Directions for this task
An exact copy of every line from the one holding "コージワタナベ スティル KOJI" to the end of the entries below is required; leave the pictures out.

Entries supplied
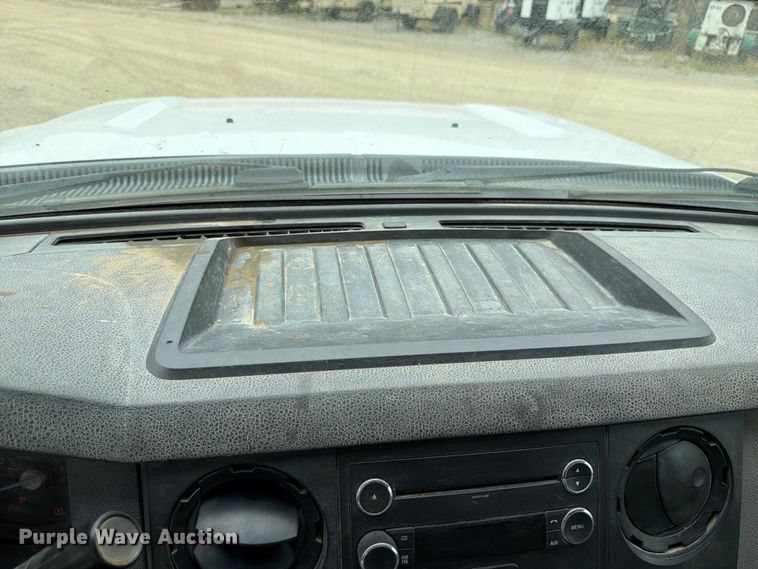 image for item FU4584 2012 Ford F250 Super Duty XL Ext. Cab pickup truck
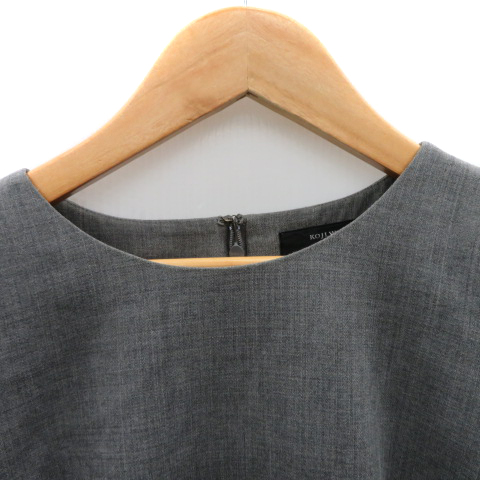 コージワタナベ スティル KOJI WATANABE STYLE ワンピース ひざ丈 半袖 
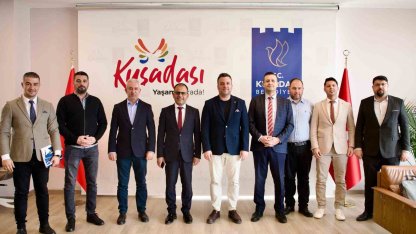 Kuşadası’na 422 milyonluk enerji yatırımı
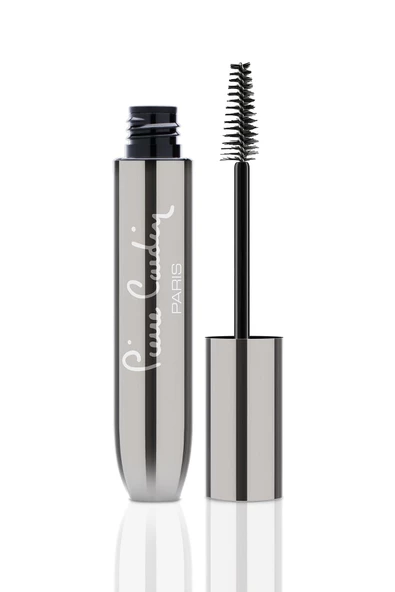 Pierre Cardin Illegal Look Kıvrım ve Extra Uzunluk Etkili Siyah Mascara - 4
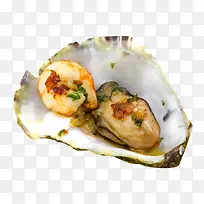 碳烤生蚝肉图片素材-空若网 碳烤生蚝肉图片素材-空若网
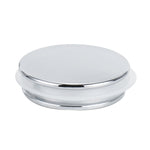 005 2 pezzi Lavabo che rimbalza Nucleo Push-type Deodorante Tappo di scarico Accessori per lavabo, Cap, Gray, Silver Gray, Rose Gold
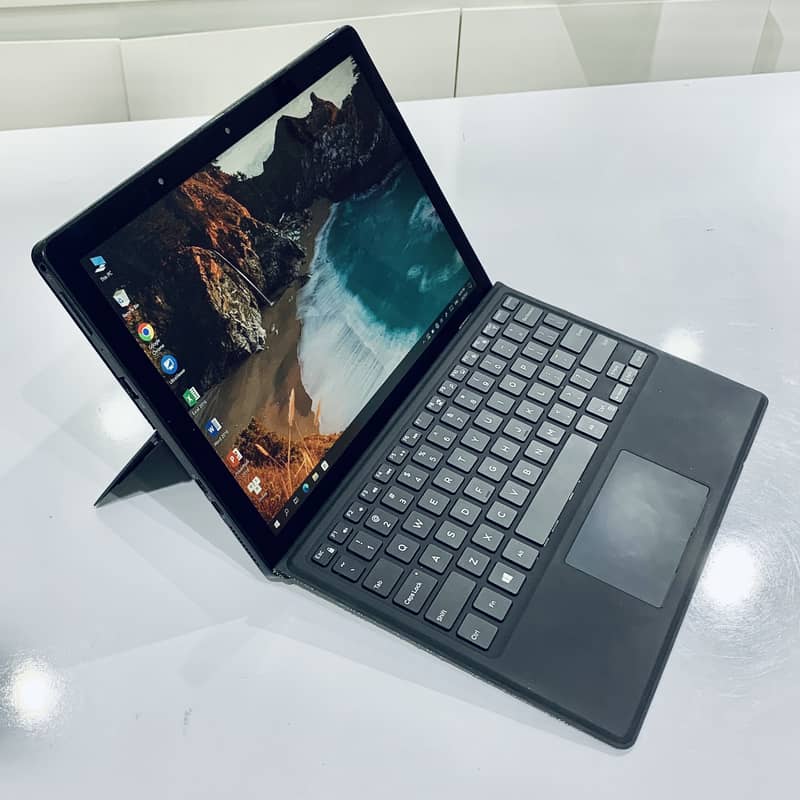 Dell latitude 5290 2in1 Tablet Core i7 Gen: 8th RAM: 16G Stylus pen 2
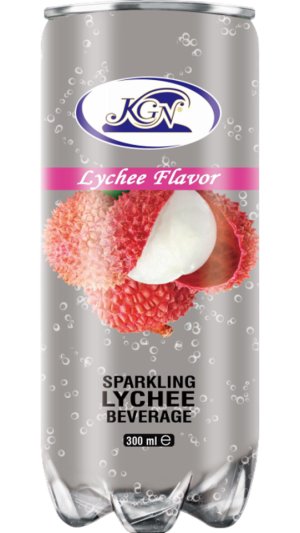 KGN Lychee 300ml x 24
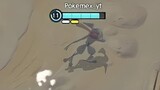 when Greninja takes the advantage of invisibility...🤯 | Pokemon unite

Task result
 コージワタナベ スティル KOJI WATANABE STYLE ワンピース ひざ丈 半袖 
 Kuşadası’na 422 milyonluk enerji yatırımı
 Pierre Cardin Illegal Look Kıvrım ve Extra Uzunluk Etkili Siyah Mascara - 4
 碳烤生蚝肉图片素材-空若网 碳烤生蚝肉图片素材-空若网
 005 2 pezzi Lavabo che rimbalza Nucleo Push-type Deodorante Tappo di scarico Accessori per lavabo, Cap, Gray, Silver Gray, Rose Gold
 Dell latitude 5290 2in1 Tablet Core i7 Gen: 8th RAM: 16G Stylus pen 2
 KGN Lychee 300ml x 24
 when Greninja takes the advantage of invisibility...🤯 | Pokemon unite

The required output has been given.